### [EXERCISE GOAL]
Report every line of the records that includes the word "Image".

(Records from a data source)

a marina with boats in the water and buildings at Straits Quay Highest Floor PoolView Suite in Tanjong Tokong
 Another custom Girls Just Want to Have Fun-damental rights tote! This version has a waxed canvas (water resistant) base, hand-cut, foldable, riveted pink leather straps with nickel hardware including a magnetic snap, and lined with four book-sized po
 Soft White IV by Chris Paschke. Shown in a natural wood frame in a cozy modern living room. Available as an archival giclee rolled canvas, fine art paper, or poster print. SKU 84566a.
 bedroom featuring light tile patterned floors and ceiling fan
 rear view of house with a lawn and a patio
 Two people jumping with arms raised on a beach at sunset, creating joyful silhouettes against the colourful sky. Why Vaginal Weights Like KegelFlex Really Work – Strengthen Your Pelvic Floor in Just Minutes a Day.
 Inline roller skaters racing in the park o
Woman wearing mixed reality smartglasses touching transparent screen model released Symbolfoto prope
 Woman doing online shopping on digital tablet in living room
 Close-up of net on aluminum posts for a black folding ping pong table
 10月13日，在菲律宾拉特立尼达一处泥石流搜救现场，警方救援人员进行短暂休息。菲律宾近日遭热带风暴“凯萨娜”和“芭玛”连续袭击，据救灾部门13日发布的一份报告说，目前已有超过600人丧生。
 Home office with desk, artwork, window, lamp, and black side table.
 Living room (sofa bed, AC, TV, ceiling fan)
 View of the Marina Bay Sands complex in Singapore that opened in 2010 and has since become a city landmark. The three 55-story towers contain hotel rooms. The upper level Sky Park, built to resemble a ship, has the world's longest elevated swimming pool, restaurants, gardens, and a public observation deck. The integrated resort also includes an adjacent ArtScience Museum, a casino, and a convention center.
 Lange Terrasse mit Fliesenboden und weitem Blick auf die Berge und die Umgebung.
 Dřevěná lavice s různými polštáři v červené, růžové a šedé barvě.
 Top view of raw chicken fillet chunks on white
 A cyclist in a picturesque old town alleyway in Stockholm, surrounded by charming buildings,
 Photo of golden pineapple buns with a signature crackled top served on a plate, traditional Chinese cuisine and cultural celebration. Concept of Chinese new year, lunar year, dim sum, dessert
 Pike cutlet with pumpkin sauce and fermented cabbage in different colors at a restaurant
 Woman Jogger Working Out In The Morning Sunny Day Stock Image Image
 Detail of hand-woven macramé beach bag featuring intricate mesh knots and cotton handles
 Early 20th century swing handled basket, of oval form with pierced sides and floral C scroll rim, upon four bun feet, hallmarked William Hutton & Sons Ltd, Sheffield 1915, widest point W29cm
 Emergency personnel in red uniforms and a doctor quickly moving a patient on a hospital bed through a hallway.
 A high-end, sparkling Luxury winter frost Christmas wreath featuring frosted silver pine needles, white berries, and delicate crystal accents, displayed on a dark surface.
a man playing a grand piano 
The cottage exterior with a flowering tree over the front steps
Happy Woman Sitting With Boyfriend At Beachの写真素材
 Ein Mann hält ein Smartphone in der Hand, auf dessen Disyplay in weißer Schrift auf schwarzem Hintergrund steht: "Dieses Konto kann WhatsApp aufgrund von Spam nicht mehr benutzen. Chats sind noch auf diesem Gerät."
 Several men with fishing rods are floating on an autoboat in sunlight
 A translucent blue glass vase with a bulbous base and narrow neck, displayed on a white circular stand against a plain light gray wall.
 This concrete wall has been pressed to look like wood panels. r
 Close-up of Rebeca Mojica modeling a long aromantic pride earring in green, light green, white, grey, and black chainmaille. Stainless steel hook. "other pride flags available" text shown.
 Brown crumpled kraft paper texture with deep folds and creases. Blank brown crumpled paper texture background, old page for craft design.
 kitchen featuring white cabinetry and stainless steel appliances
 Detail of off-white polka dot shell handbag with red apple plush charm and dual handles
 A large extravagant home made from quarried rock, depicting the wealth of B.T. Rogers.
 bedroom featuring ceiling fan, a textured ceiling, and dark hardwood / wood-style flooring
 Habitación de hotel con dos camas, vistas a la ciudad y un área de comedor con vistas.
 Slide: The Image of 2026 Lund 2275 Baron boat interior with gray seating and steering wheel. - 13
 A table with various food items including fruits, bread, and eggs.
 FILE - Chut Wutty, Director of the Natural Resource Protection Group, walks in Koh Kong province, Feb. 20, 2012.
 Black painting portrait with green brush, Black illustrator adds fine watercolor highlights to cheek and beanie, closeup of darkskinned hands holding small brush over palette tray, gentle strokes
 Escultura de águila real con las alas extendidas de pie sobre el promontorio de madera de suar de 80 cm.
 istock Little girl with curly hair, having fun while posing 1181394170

### [RESPONSE]
 Woman Jogger Working Out In The Morning Sunny Day Stock Image Image
 Slide: The Image of 2026 Lund 2275 Baron boat interior with gray seating and steering wheel. - 13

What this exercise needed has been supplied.